Beitrag von closs » Sa 29. Jul 2017, 20:49

Andreas hat geschrieben: In anderen Religionen ist Anbindung an historische Geschichte überhaupt kein Thema, weil Mythen dort Mythen sind. Würdest du einen Inder danach befragen ob es Krishna tatsächlich als reale Person gegeben habe, würde er dich wegen deiner Dummen Frage auslachen. Diese angeblich notwendige geschichtliche Unterfütterung um Glaubwürdigkeit zu generieren ist spiritueller Nonsens.
Nicht unbedingt. - Aus der christlichen Logik ist Jesus die Person, die aus dem Dasein ("Geschichte") heraus durch seine Doppelfunktion als "wahrer Gott und wahrer Mensch" die Kluft zwischen irdischer Welt ("Geschichte") und göttlichem Sein überwindet - er MUSS also historisch sein, um seine spirituelle Funktion auszuüben.

Andreas hat geschrieben:Was soll denn deine Heilsgeschichte sein? Sie beginnt mit dem Sündenfall Adam und Evas im Paradies ...
In der biblischen Chiffrierung ist das so - richtig (und das muss nichts mit "Geschichte" zu tun haben). - Vor allem beginnt sie aber im einzelnen Menschen mit dessen Bewusstwerdung im Dasein ("Geschichte") und schreibt fortan die menschliche Entwicklung im Geist.

Andreas hat geschrieben:Für meinen Glauben ist es völlig unwichtig, ob Gott die Welt erschaffen hat, oder ob Jesus je gelebt hat. Wenn sich morgen rausstellen würde, das nicht, würde das meinen Glauben nicht tangieren.
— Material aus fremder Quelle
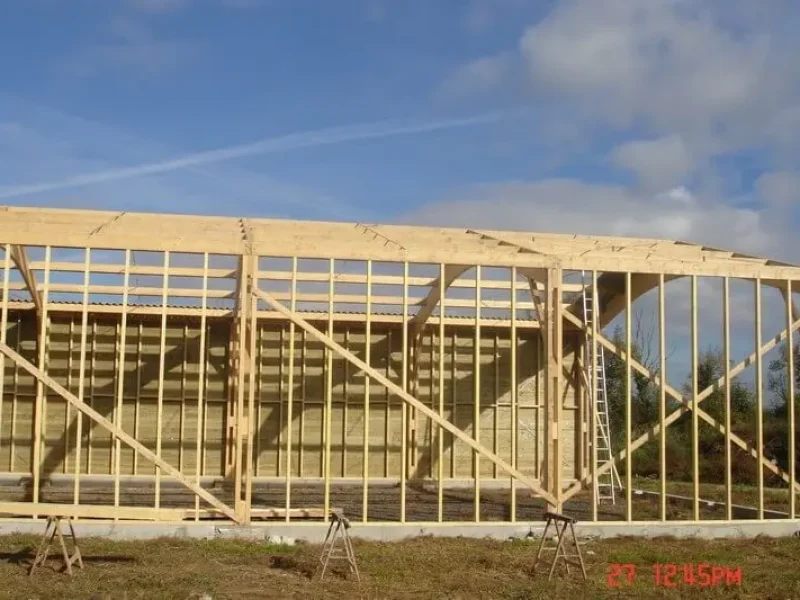 Réalisation de charpente par Tesson Laurent, menuisier charpentier à Saint Julien des Landes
Wenn aber daran die Kirchen zugrunde gehen würden, würde es doch nur ihre spirituelle Armut beweisen.
Zu Ende gedacht würde ich Dir zustimmen, da das Ende ohne jegliche "Story" ist, sondern nur sprachfreies Sein ist - aber im Dasein bedarf es der Darstellung des Seins/Gottes durch Offenbarungen, die sich durch Verständlichkeit durch den Menschen definieren - eine dieser Offenbarungs-Chiffren ist "Geschichte".